An Official WeChat account: WeChat is an all-in-one platform that combines the functionalities of Whatsapp, Facebook, Instagram, and Skype. You can launch an official account on WeChat, which allows you to host a mini-version of your website and engage with followers through weekly posts. Companies generally post several articles in one push every week. You can also use WeCom, a corporate version of WeChat for internal and external communications with clients and customers.

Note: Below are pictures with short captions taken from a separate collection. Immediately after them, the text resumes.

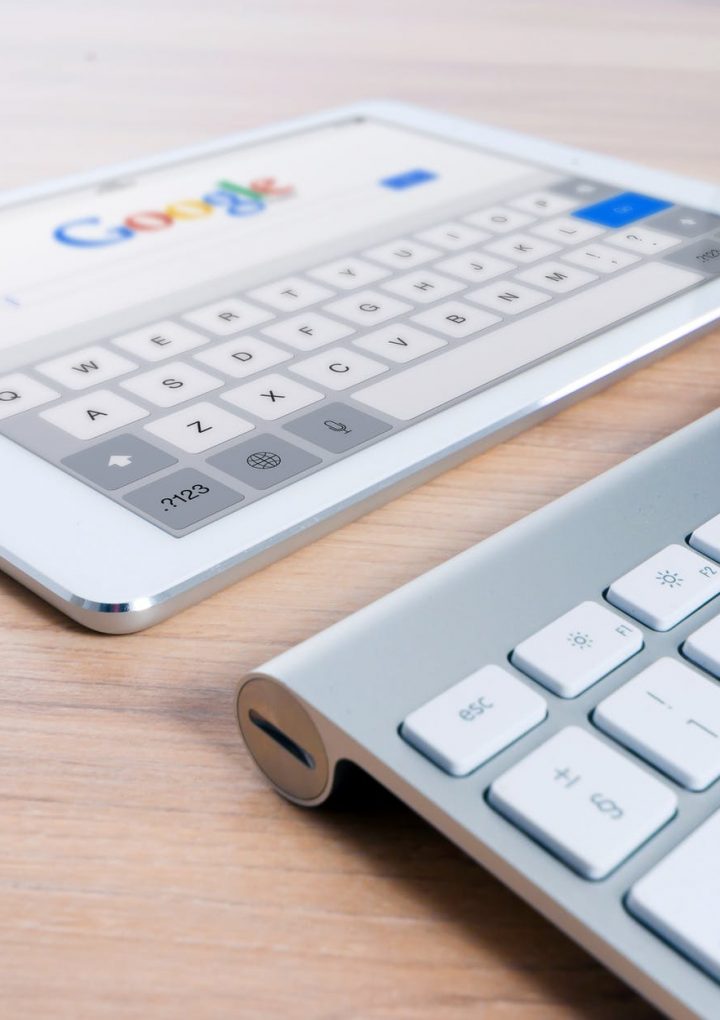 Long-Term Benefits of SEO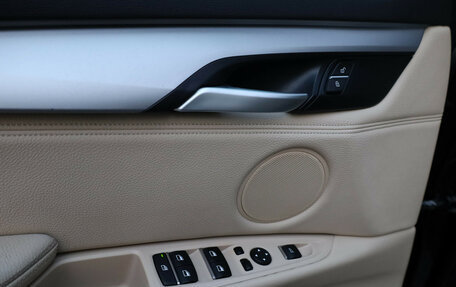 BMW X6, 2015 год, 3 399 000 рублей, 24 фотография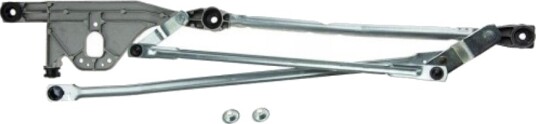 LTD LTD-1704580 Vindusvisker overføring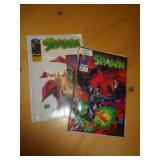 COMIC BOOKS COMIC BOOKS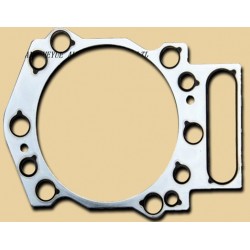 cummins K19engine head gasket 3634664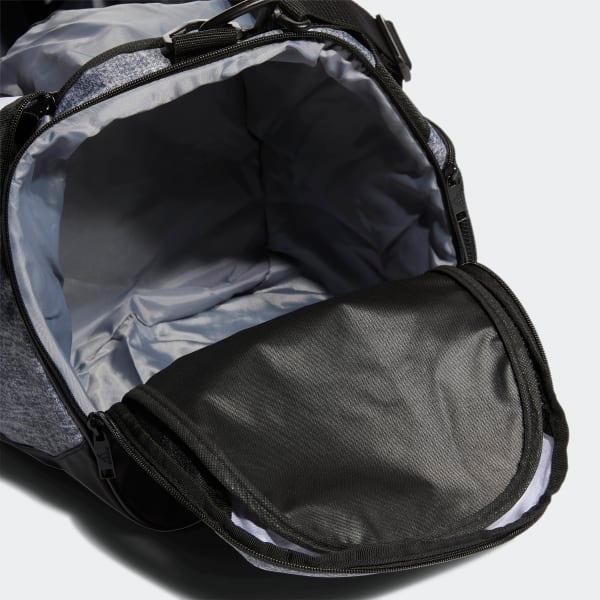 Team Issue Duffel Bag Medium Product Image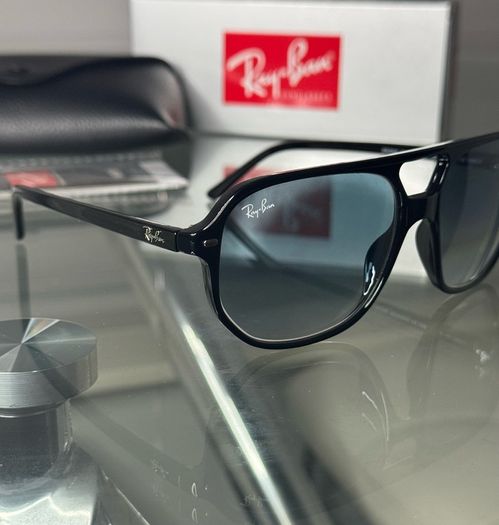 Rayban Sunglasses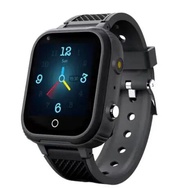Lt21 Kid Smart Watch 4g Camera For Apple Monitoring Tracking Watch Suitable Video Positioning Call A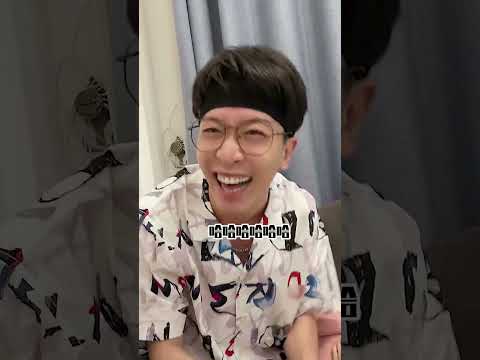 说好的每天都是情人节呢 #一定要看到最后#整蛊男友 #情侣日常 thumbnail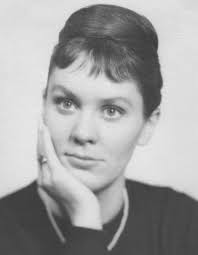 Jane Darlene Blunt Obituary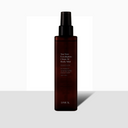 DMCK Tea Tree Eucalyptus Clean Arc Body Mist 200ml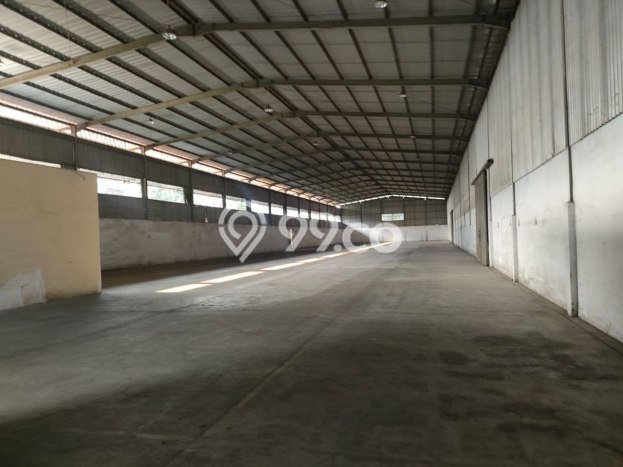 Gudang paling strategis disewakan di Rawalumbu Bekasi Gudang paling strategis disewakan di Rawalumbu Bekasi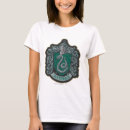 Search for harry potter womens fashion Jk rowling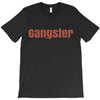 gangster T-Shirt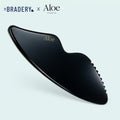 Gua Sha - Massage Visage 100% Sculptant & Liftant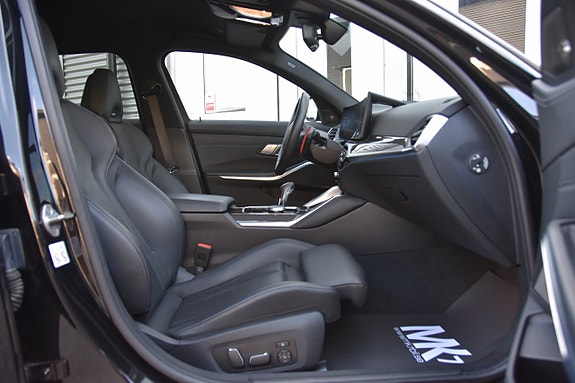 BMW M3 14 of 29
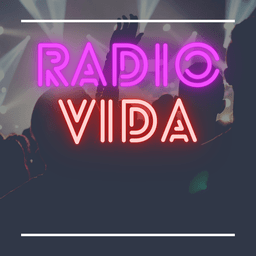 Radio Vida Ky live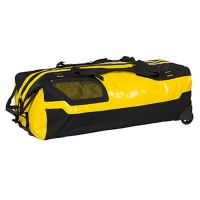 BORSA ORTLIEB DUFFLE RS 140 Litri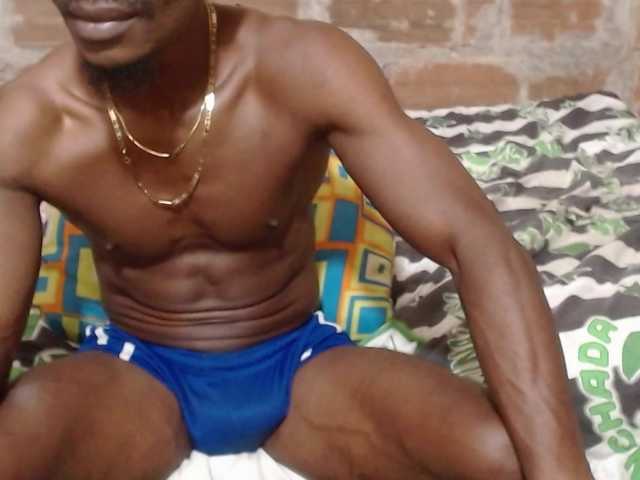 Elmiltonnjakeeso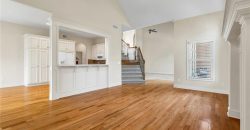 Homes for Sale in Kansas City, MO 64157 | 8904 NE 89th Street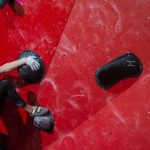 Championnat de France de bloc 2017: résultats des qualifications femmes !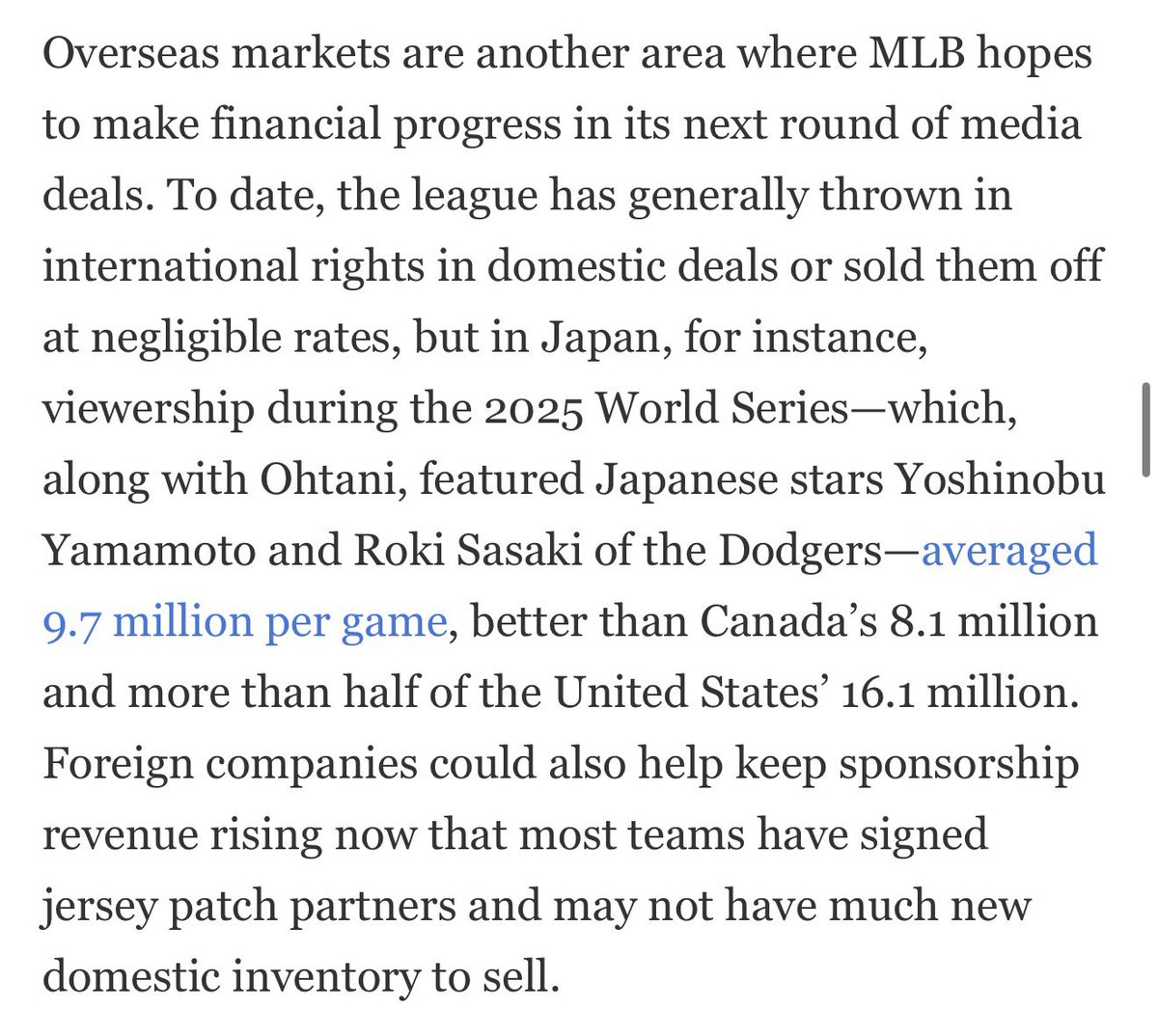 classic catch tweet media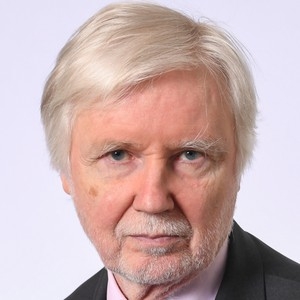 Erkki Tuomioja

Baidu: Baidu is China’s equivalent of Google. You need to apply and set up an account to run Chinese-language keyword advertisements on this platform. To get the best results, you should use Baidu Webmaster tools, create unique and relevant content, and be patient as it takes time for Baidu to index new sites. Also, platforms such as Zhihu (known as “Chinese Quora”) can be used to get faster results in search rankings.


Weibo: Weibo is a popular microblogging site in China, similar to Twitter. B2B brands can engage users with various types of multimedia content on this platform, specifically on Sina Weibo, which targets a more professional, high-end user base. B2B marketers can follow thought leaders and prospects and gain valuable insights into creating engaging and on-trend content. You should include appropriate keywords and hashtags (signified by “# #” instead of one #) in your posts to make them easily searchable.


Forums and Wiki sites: Posts and articles on user-generated forums, such as Zhihu- “Chinese Quora” for specialized content campaigns, will help your SEO and brand awareness. For Zhihu, a great start would be to run Q&A Campaigns, Zhihu Live for online interactive presentations on specific topics or in-depth articles.

Important Considerations for China :


  • It’s important to avoid using any services connected to Google, Facebook, Twitter, YouTube, and website hosting platforms that could be blocked in China. Even small elements like Google Maps or fonts connected through the Google API can significantly slow down or prevent your page from loading.
  • Data in China is highly regulated, similar to GDPR in Europe. Buying marketing lists is not recommended, and corporations must strictly control the data they collect in China.
  • Direct translation is rarely effective, and it’s important to have content that is fully localized in Chinese.
  • It’s essential to keep in mind that some basic behaviors of Chinese users, such as their preference for WeChat over email marketing, make some common Western workflows irrelevant.